New crosswalk technology improves pedestrian safety

Congress’s ongoing debate over whether to include funding for pedestrian and bicycle infrastructure in the next transportation bill does not change the fact that pedestrian traffic deaths are unacceptably high. Sixty-seven percent of the more than 47,000 pedestrian fatalities from 2000 to 2009 occurred on federal-aid roadways. These numbers clearly indicate there should be a federal interest in funding pedestrian safety measures.

Many state and local governments are not waiting for the federal funding bill, but are moving forward to improve pedestrian safety, particularly at intersections and mid-block crossings. Fortunately, recently approved technological advances in intersection design and signalization are improving pedestrian safety and motorist behavior. The traveling public, both motorized and nonmotorized, are encountering these new technologies with increasing frequency. Improvements may not even be visible such as passive pedestrian detectors that are able to recognize pedestrian presence and adjust the time of the walk signals accordingly. These passive detectors work regardless of whether a pedestrian pushes a button requesting a crossing phase.

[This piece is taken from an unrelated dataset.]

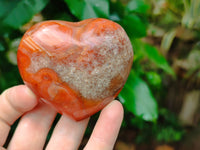 Polished Carnelian Gemstone Hearts x 6 From Madagascar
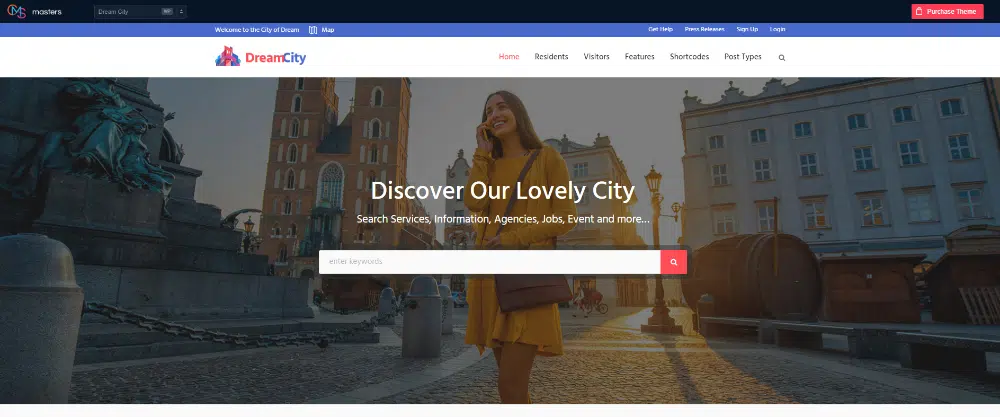 14 ثيم WordPress للبوابات الحكومية: DreamCity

Other measures, such as high-visibility crosswalk markings and installation of raised crossings, also improve pedestrian safety. New types of pedestrian crossing signals increase pedestrian safety while also encouraging the compliance of drivers in yielding to pedestrians. For example, installation of HAWK (High Intensity Activated Crosswalk) signals in Tucson, Arizona, improved the rate of drivers’ yielding to pedestrians from 30 to 90 percent. Use of the Rapid Rectangular Flashing Beacon (RRFB), a high intensity LED light array that is normally dark, but is activated by pedestrians waiting to cross a street at an uncontrolled crosswalk, is raising awareness in Florida, home to the top four most dangerous metro areas for pedestrians. Studies of motorist behavior before and after installation of RRFBs showed an increase in drivers’ yielding from 15 to 20 percent compliance to between 80 and nearly 100 percent. This data comes from St. Petersburg and Miami/Dade County, Florida. The benefits of installing these new traffic controls should get the attention of traffic engineers and lawmakers, resulting in continued safety improvements.